-- WORK TASK --
Could you give back exactly the lines below from the one with "Rasteli windlicht koepel" through the one with "GT Rayon cotton", without a single picture?

-- RECORD SET --
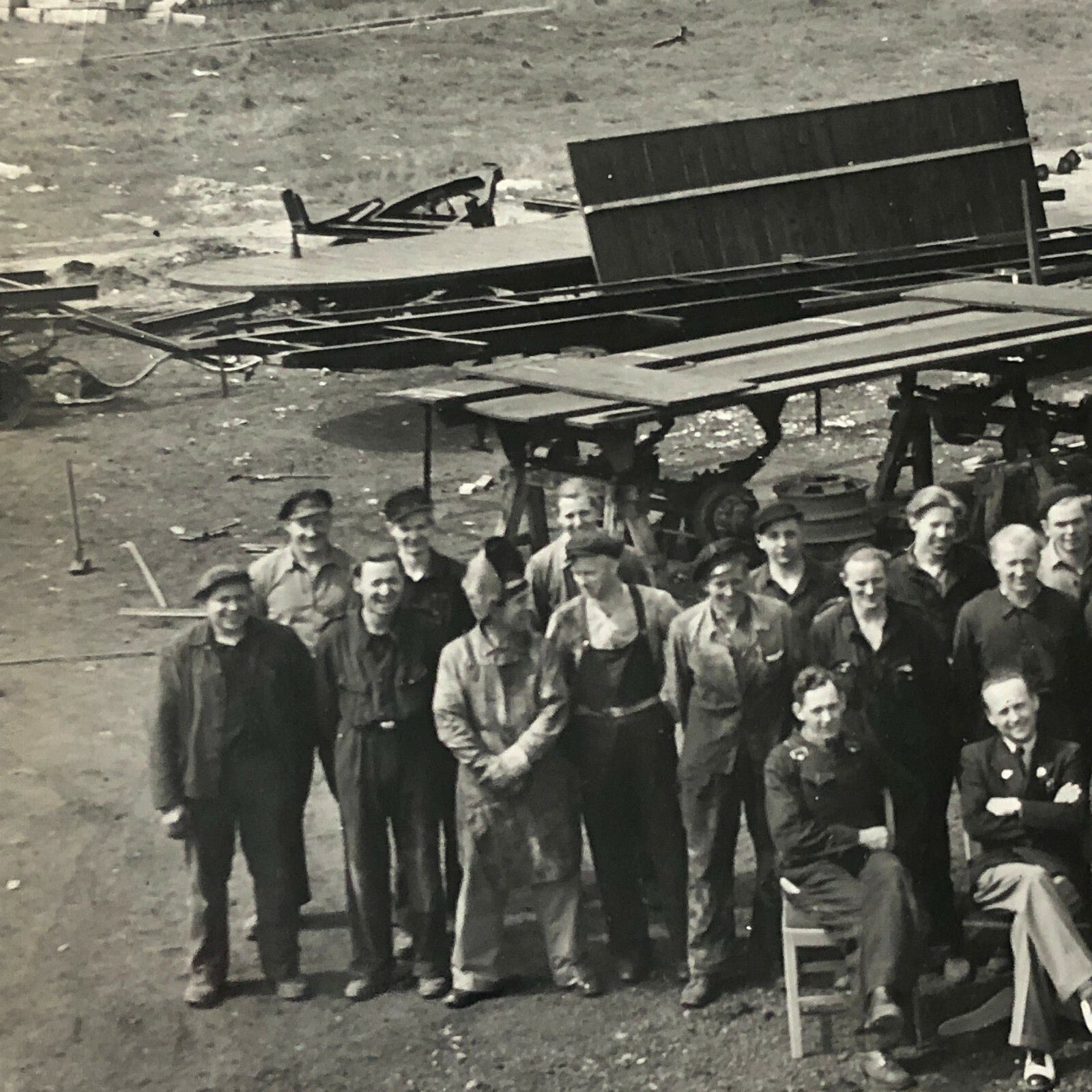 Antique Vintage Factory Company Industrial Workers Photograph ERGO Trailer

...

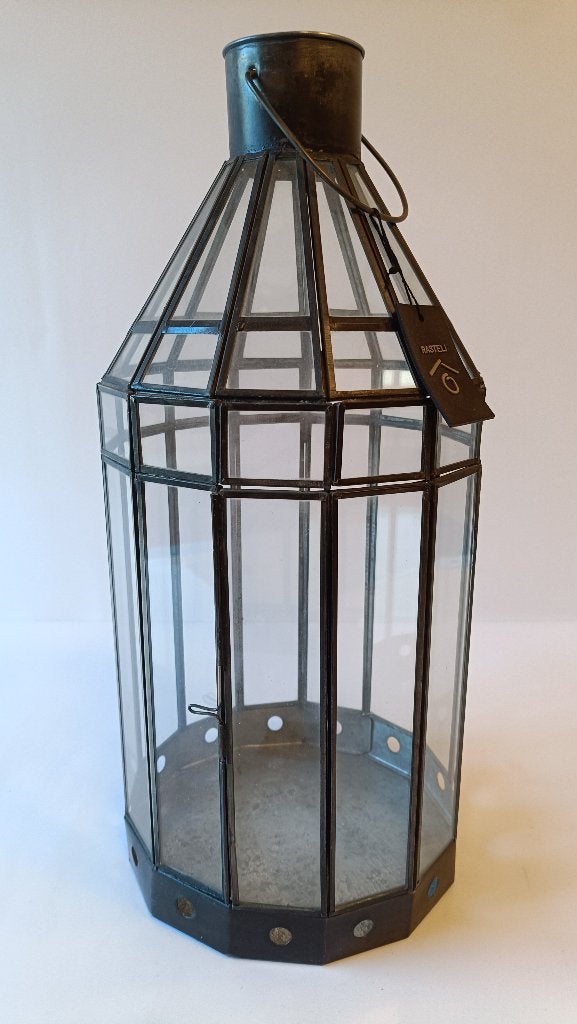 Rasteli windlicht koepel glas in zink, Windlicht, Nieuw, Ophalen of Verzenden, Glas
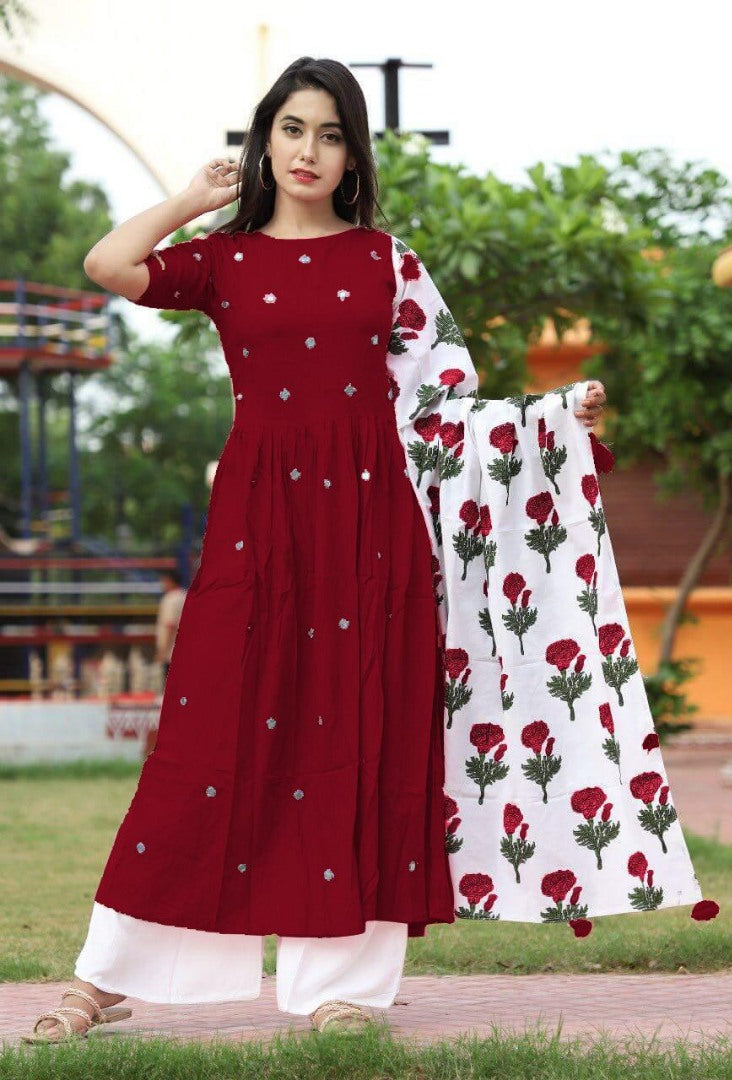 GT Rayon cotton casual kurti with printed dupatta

---

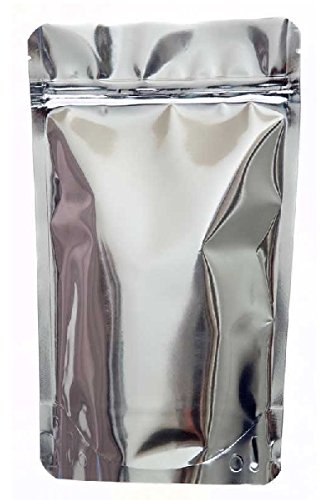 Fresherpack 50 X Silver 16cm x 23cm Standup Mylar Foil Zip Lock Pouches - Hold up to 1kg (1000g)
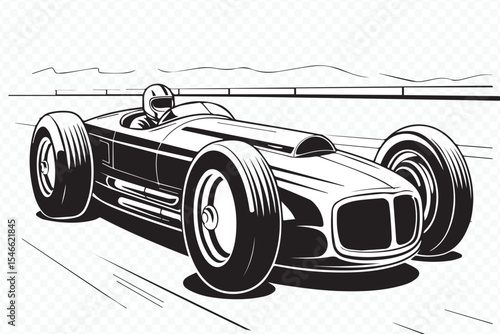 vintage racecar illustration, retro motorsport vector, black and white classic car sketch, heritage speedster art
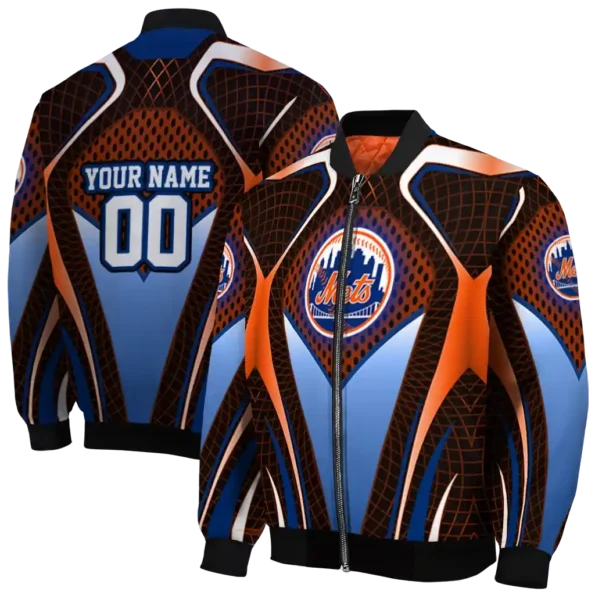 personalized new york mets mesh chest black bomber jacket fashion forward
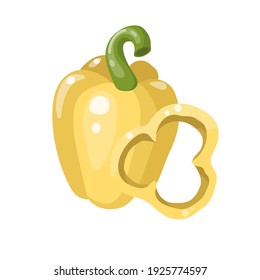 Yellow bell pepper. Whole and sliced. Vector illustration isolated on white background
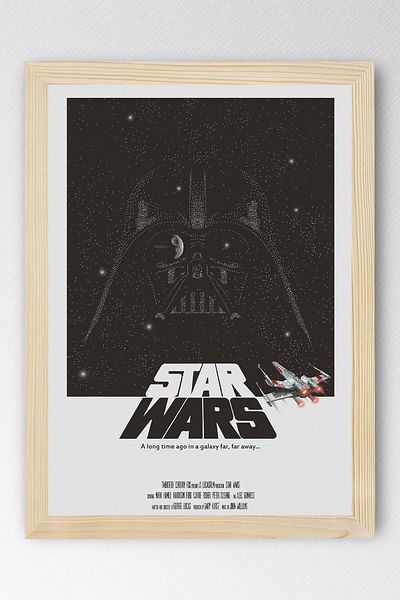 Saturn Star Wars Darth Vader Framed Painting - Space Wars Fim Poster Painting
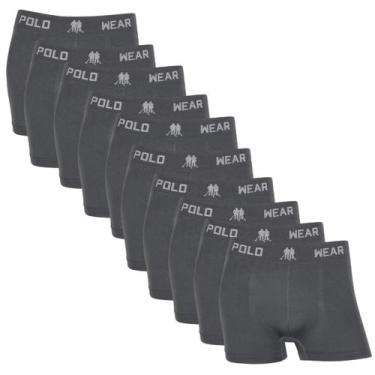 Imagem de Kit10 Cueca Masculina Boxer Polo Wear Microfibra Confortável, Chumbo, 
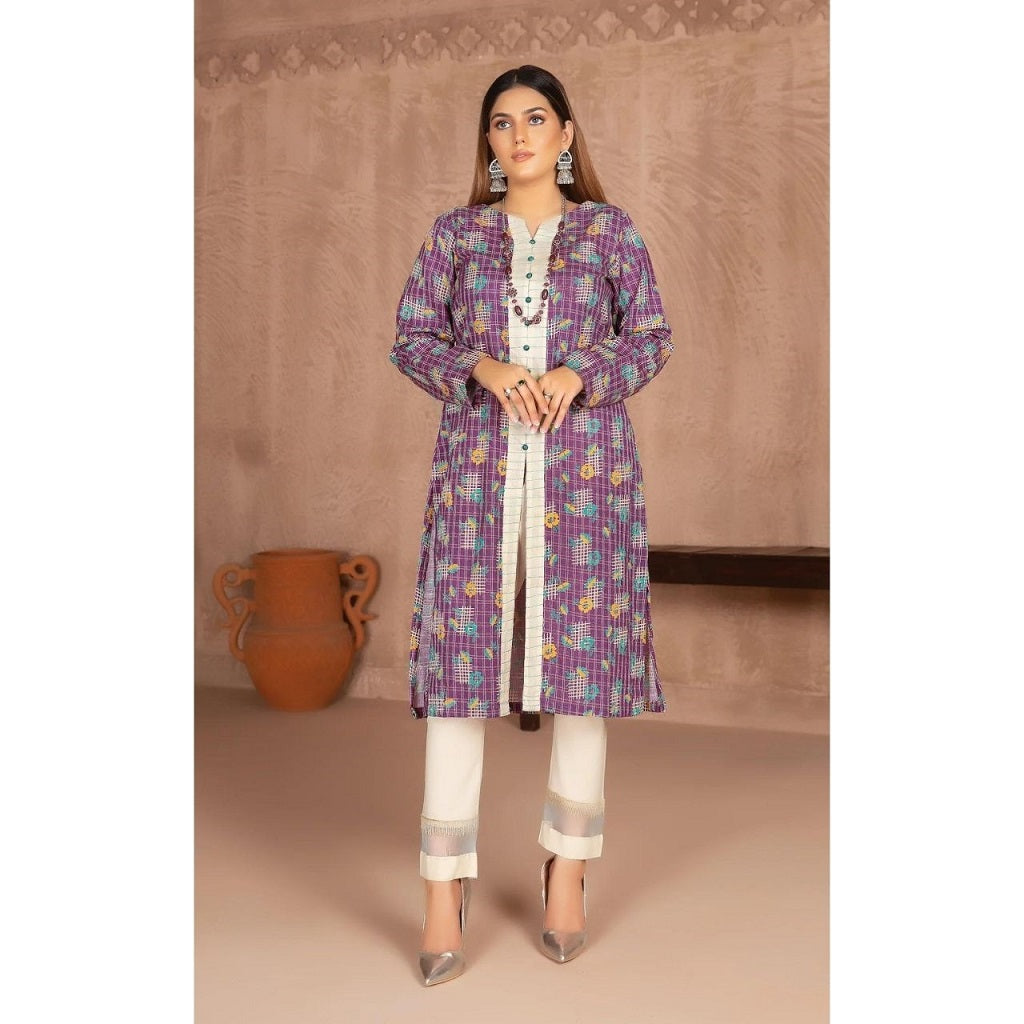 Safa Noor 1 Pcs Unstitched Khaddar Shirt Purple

-- SOLUTION TO THIS EXERCISE --
 Rasteli windlicht koepel glas in zink, Windlicht, Nieuw, Ophalen of Verzenden, Glas
 GT Rayon cotton casual kurti with printed dupatta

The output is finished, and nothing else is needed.